At the same time, many of us – in a further reflection of the complexity of our feelings – have felt uncomfortable with a media coverage that at times feels dystopian in the way it has covered her passing. There is no other news. There is no energy crisis. There is no absolute fear felt by millions at the onset of winter, knowing that even with energy prices capped, they won’t be able to afford the bills and inflation will mean they cannot put food on the family table. There is no scrutiny of the government’s response. There is no reporting of the monumental gains made by the Ukrainian army, whose victories might give a measure of economic confidence to counter the impact of Russian aggression.
Instead, the BBC offers wall to wall coverage of other people talking about the Queen, vox pops and reminiscences, repeating endlessly the same stories and snippets of information about what is to come, while curiously making time for the weather, even though that is the one tangible thing we can get some sense of by looking out of our windows. Elsewhere, in a manner reminiscent of the Weekly World News, the Mail Online breathlessly shows us pictures of clouds that are apparently ‘astonishing’ in their likeness to the Queen. I can only imagine their – and our – reaction if North Korean media asserted the same about Kim Jong-un upon his demise.
This approach feels uncomfortable and not of its time. Surely it is possible for the national broadcaster to be respectful and comprehensive in its coverage, while recognising that life does go on? And then I feel guilty for thinking that, as if I am somehow being disrespectful myself – on a personal level and on some undefined societal level. Perhaps it is right for occasion like this to cause us to pause and reflect on events, on life, in a way that our usual addiction to the vicissitudes of twenty-four news rarely affords?

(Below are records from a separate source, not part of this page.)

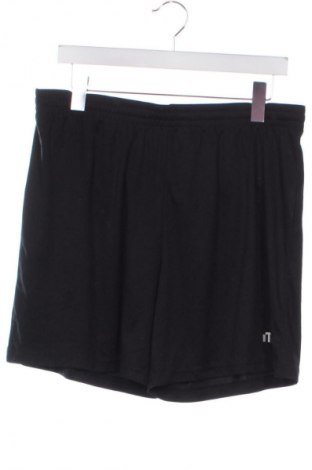 Дамски къс панталон Unbranded, Размер XS, Цвят Черен, Цена 2,55 €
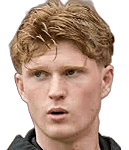 Jack Howland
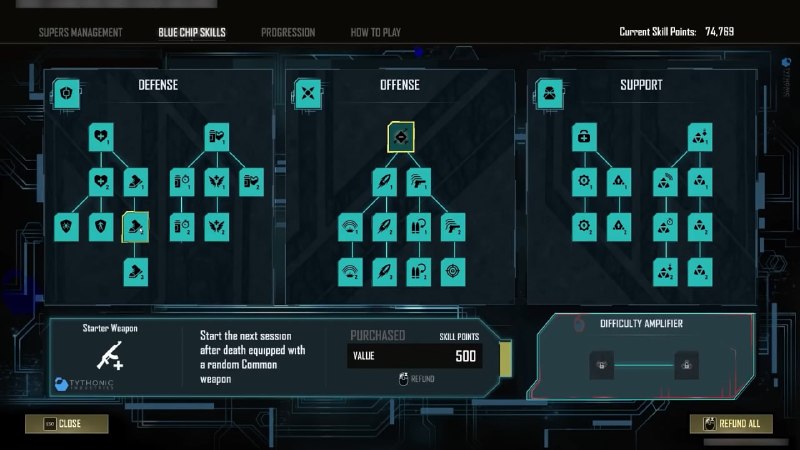 1775372380657207.jpg 4.jpg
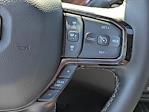 New 2026 Ram 2500 Limited Mega Cab for sale #3604 - photo 21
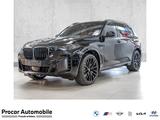 BMW X5 xDrive50e M Sport Pro HUD+PANO+ACC+AHK+Massag - BMW X5 Gebrauchtwagen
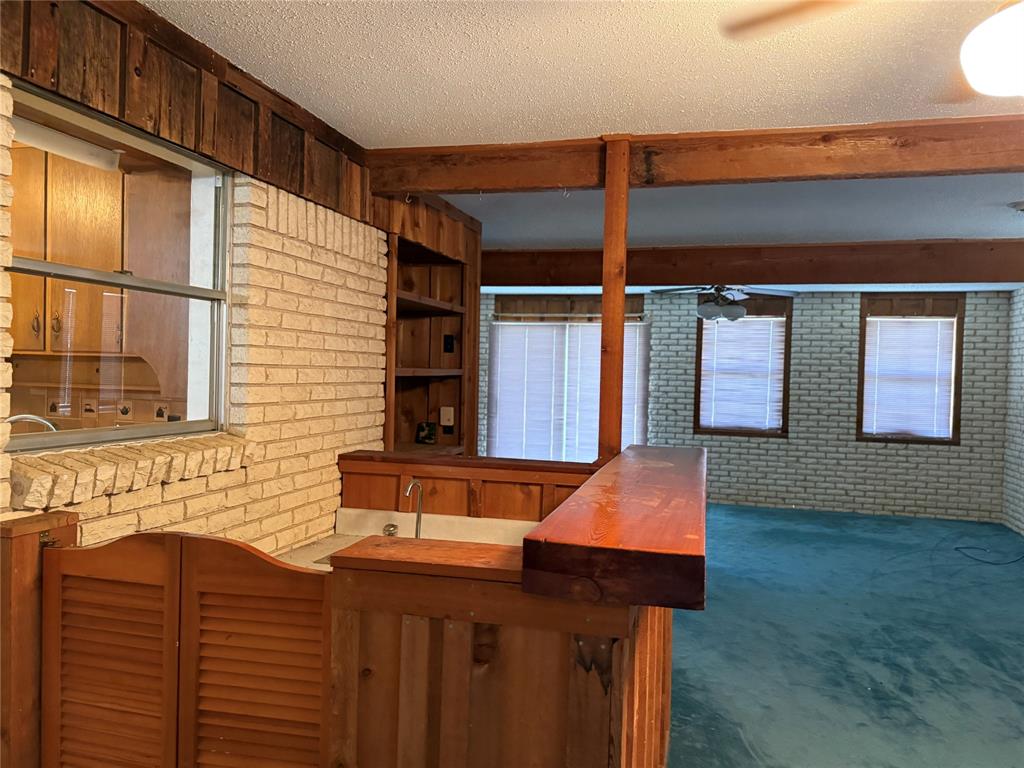 Perkins - Residential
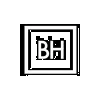 Bespoke Hairdressing Rugby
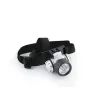 ZIGOH! LAMPE FRONTALE NUIT ECO PARTICIPATION COREPILE
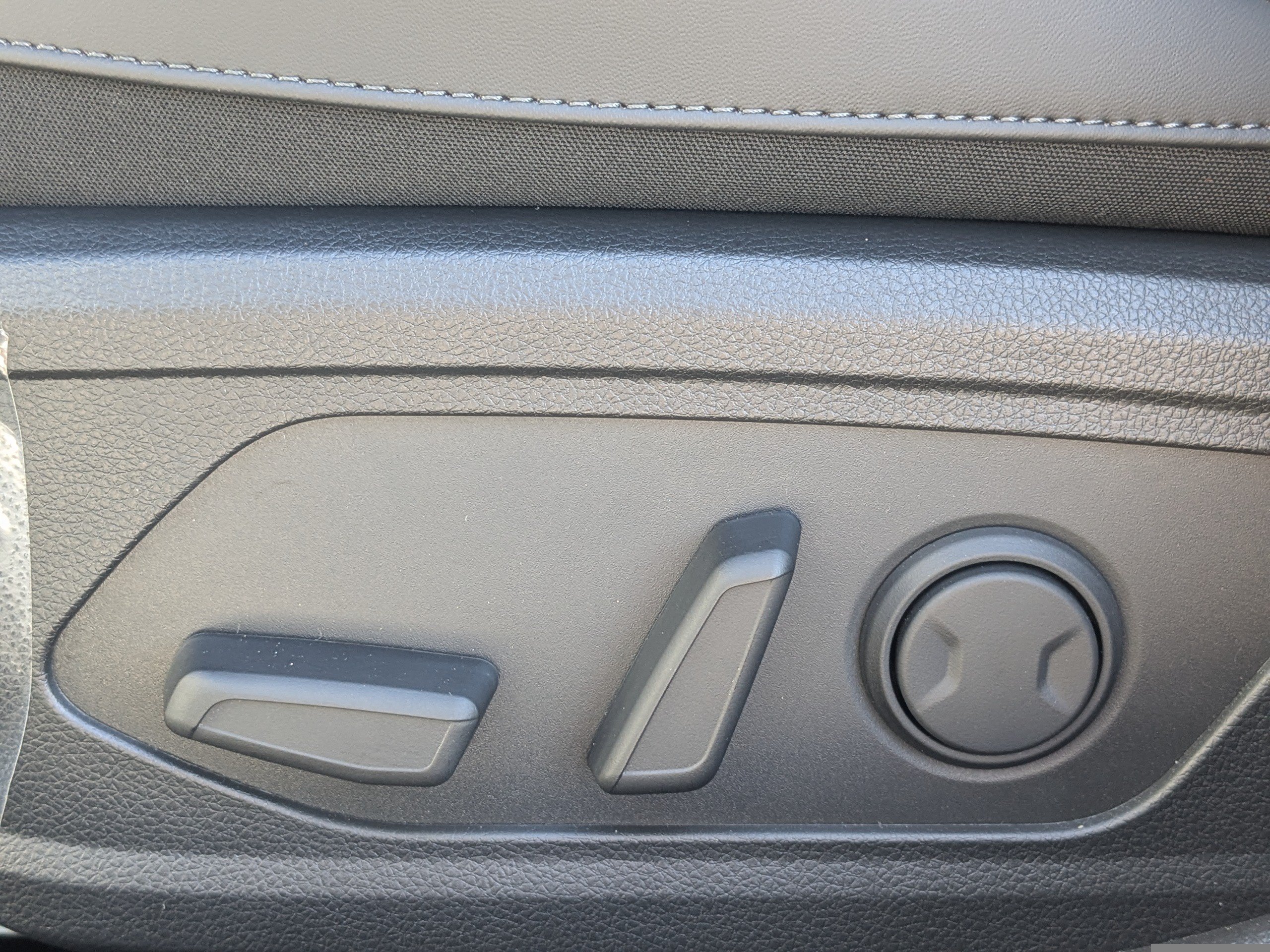 New 2026 Kia K5 GT-Line w/ GT-Line Premium Package FWD image 22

It is a political opinion that I suspect is not shared by many of my fellow travellers in Liberalism, and may surprise or irritate them, but I am a cynical and reluctant constitutional monarchist, not a republican. My politics should lend itself easily to a respectful republicanism, but I feel deeply uncomfortable at the idea of transforming the role of head of state, even with all the privileges and unfairness and dysfunctionality of its current constitutional incarnation, into something transitory, with a fixed tenure of a few years, subject to the same political forces that delivered a Trump. In doing so it would change unalterably the nature of our politics, imbuing a single individual with a democratic mandate and setting up an executive tension inside our parliamentary democracy, aspects of which I believe are in much more urgent need of radical reform than the monarchy. I am quite possibly wrong in that view, and I enjoy being challenged on it. Perhaps, too, my thoughts are shaped and confused by those reflections on the role of continuity and public service.
However, I am clear that our politics is far more dysfunctional than the symbolism of monarchy implies.
When the dust settles on the events of the last twenty-four hours, when the mourning is done, when the way in which the new King intends to conduct himself as head of state is clearer, we owe ourselves a frank conversation about our country, our politics, and its constitutional architecture. We owe ourselves a rigorous appraisal of the continuing failure of our politics to engage those furthest from centres of power, who need our politicians to see and understand the reality of their lives, where the consequences of their decisions are – quite literally – existential.